[Available data]:
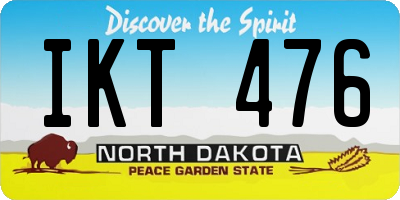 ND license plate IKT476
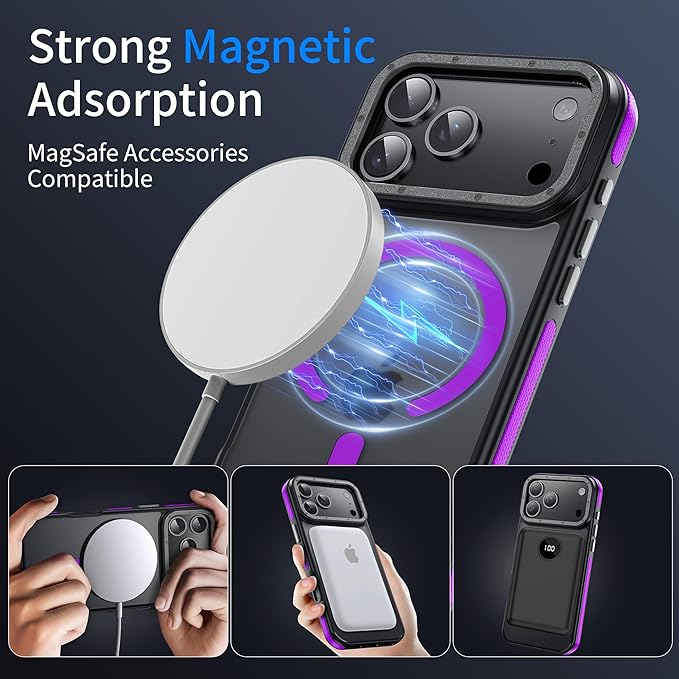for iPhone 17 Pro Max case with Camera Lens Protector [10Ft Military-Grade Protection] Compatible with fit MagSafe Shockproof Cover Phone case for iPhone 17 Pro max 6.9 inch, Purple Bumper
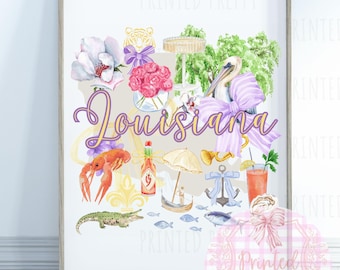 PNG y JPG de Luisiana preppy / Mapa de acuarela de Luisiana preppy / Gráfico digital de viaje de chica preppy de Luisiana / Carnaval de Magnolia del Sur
---
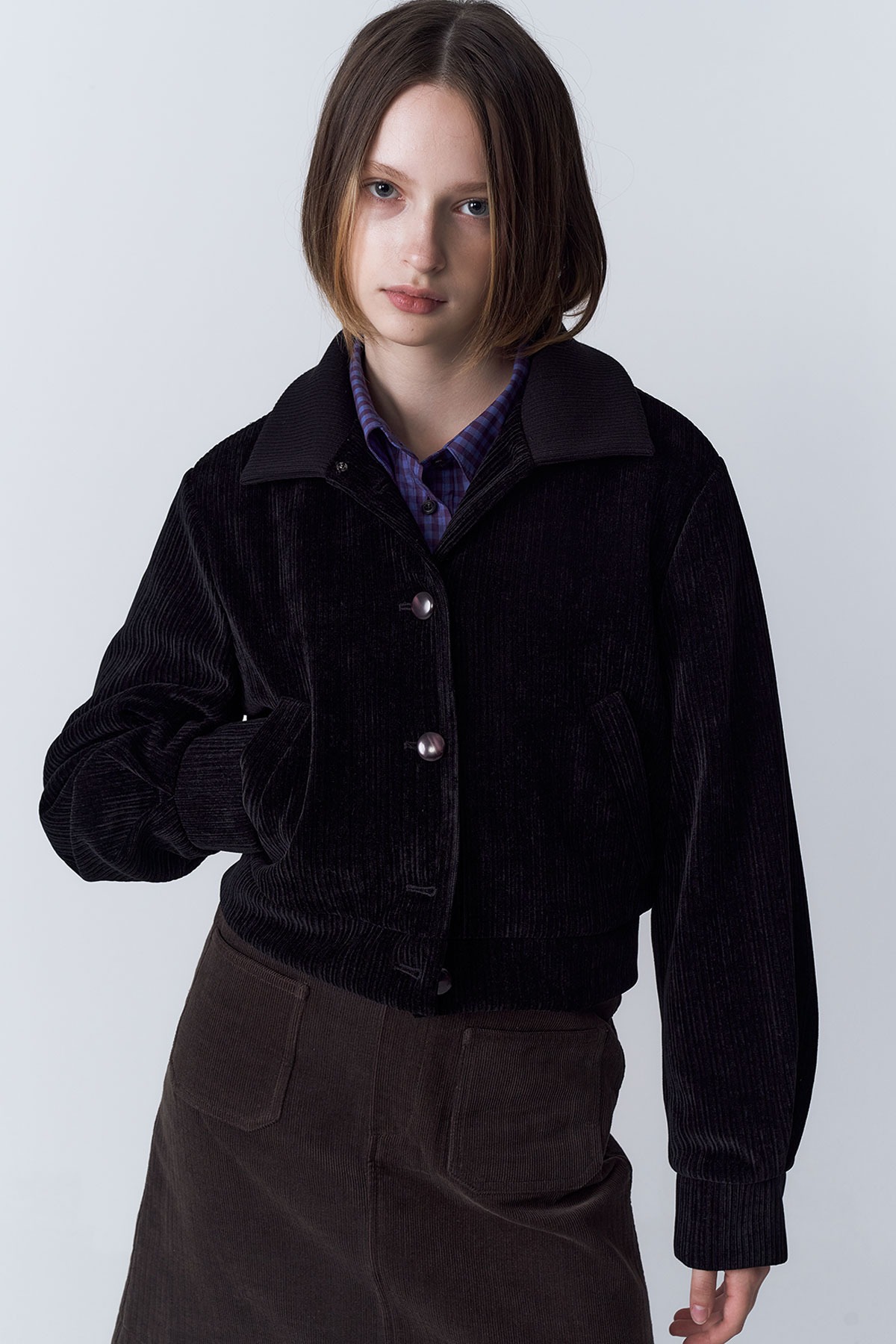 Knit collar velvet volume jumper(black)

[Task item]: Look above for the line containing "ND license plate IKT476" and the line containing "for iPhone 17 Pro Max case", then reproduce both and everything between them exactly, pictures omitted.

[Response]:
 ND license plate IKT476
for iPhone 17 Pro Max case with Camera Lens Protector [10Ft Military-Grade Protection] Compatible with fit MagSafe Shockproof Cover Phone case for iPhone 17 Pro max 6.9 inch, Purple Bumper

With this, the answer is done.